*** Input data ***

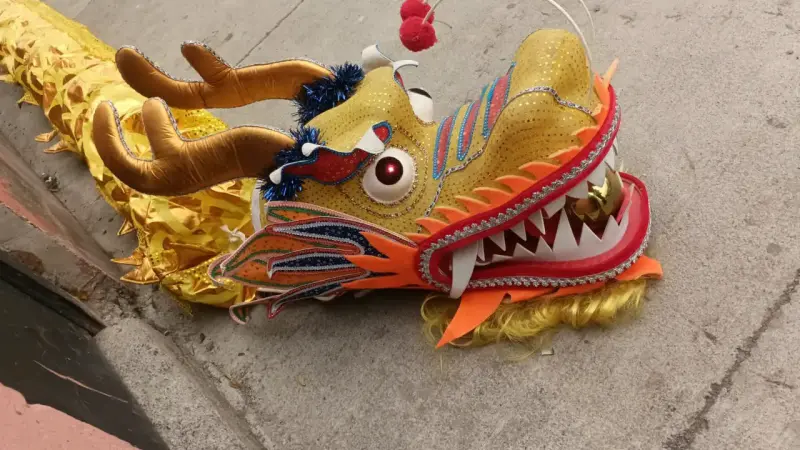 Dragón dorado - 3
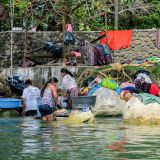 Am Rio Dulce wird immer noch fleissig von Hand gewaschen. 
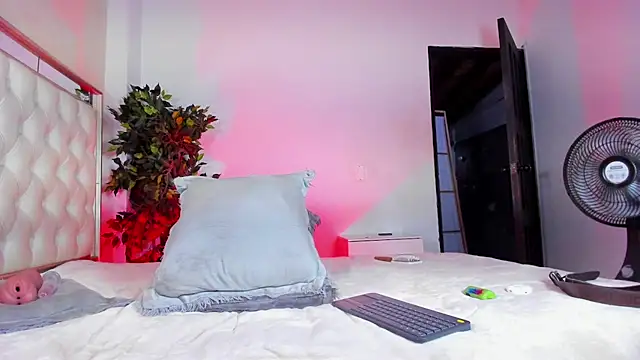 liam_dustin (M twink) - play with my dick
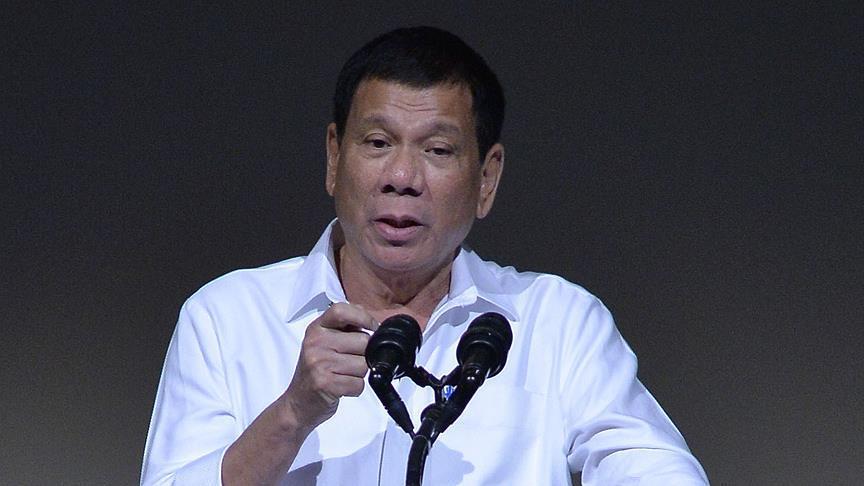 Hundreds protest Philippine president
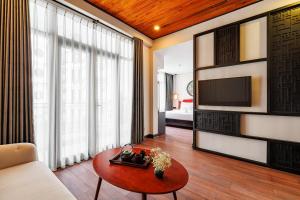 TV a/nebo společenská místnost v ubytování Hadana Boutique Resort Hoi An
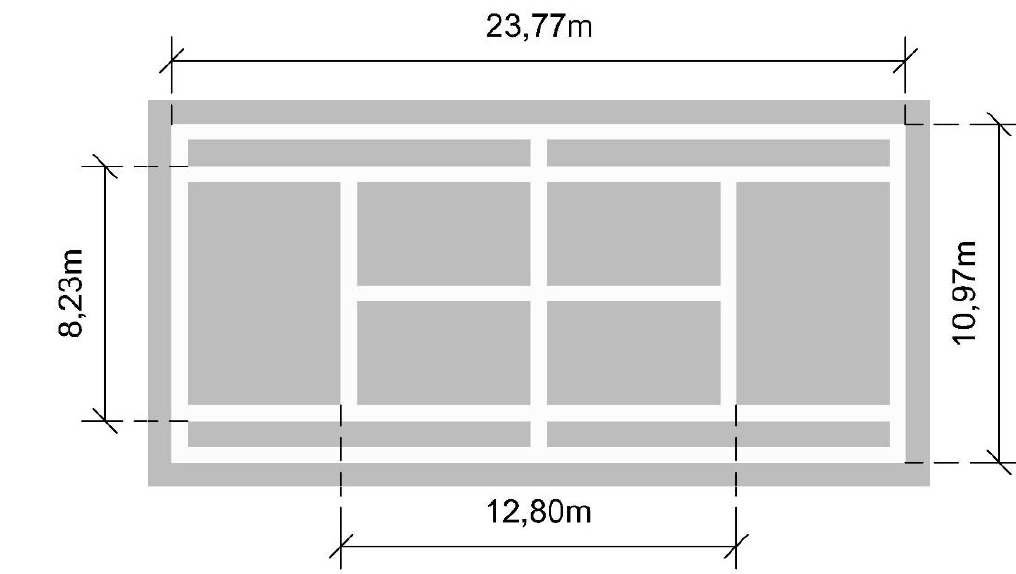 Planta da quadra de tênis com as faixas de marcação: comprimento total 23,77 m, largura total 10,97 m, largura interna da quadra de simples 8,23 m e distância de 12,80 m entre as linhas de saque.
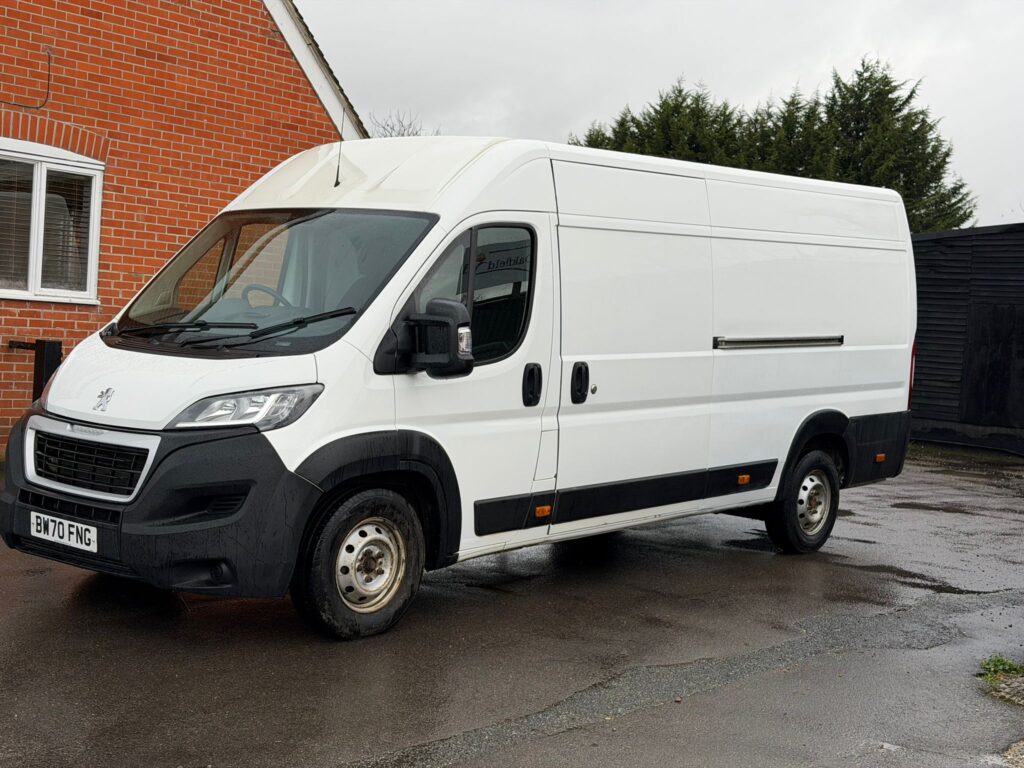 BW70FNG Peugeot Boxer 2.2 BlueHDi 435 Professional L4 H2 Euro 6 (s/s) 5dr 3 MONTHS WARRANTY 12 MONTHS AA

***

What this task involves: Leaving out only the pictures, return the material above unchanged.

Response:
 Dragón dorado - 3
 Am Rio Dulce wird immer noch fleissig von Hand gewaschen. 
 liam_dustin (M twink) - play with my dick
 Hundreds protest Philippine president
 TV a/nebo společenská místnost v ubytování Hadana Boutique Resort Hoi An
 Planta da quadra de tênis com as faixas de marcação: comprimento total 23,77 m, largura total 10,97 m, largura interna da quadra de simples 8,23 m e distância de 12,80 m entre as linhas de saque.
 BW70FNG Peugeot Boxer 2.2 BlueHDi 435 Professional L4 H2 Euro 6 (s/s) 5dr 3 MONTHS WARRANTY 12 MONTHS AA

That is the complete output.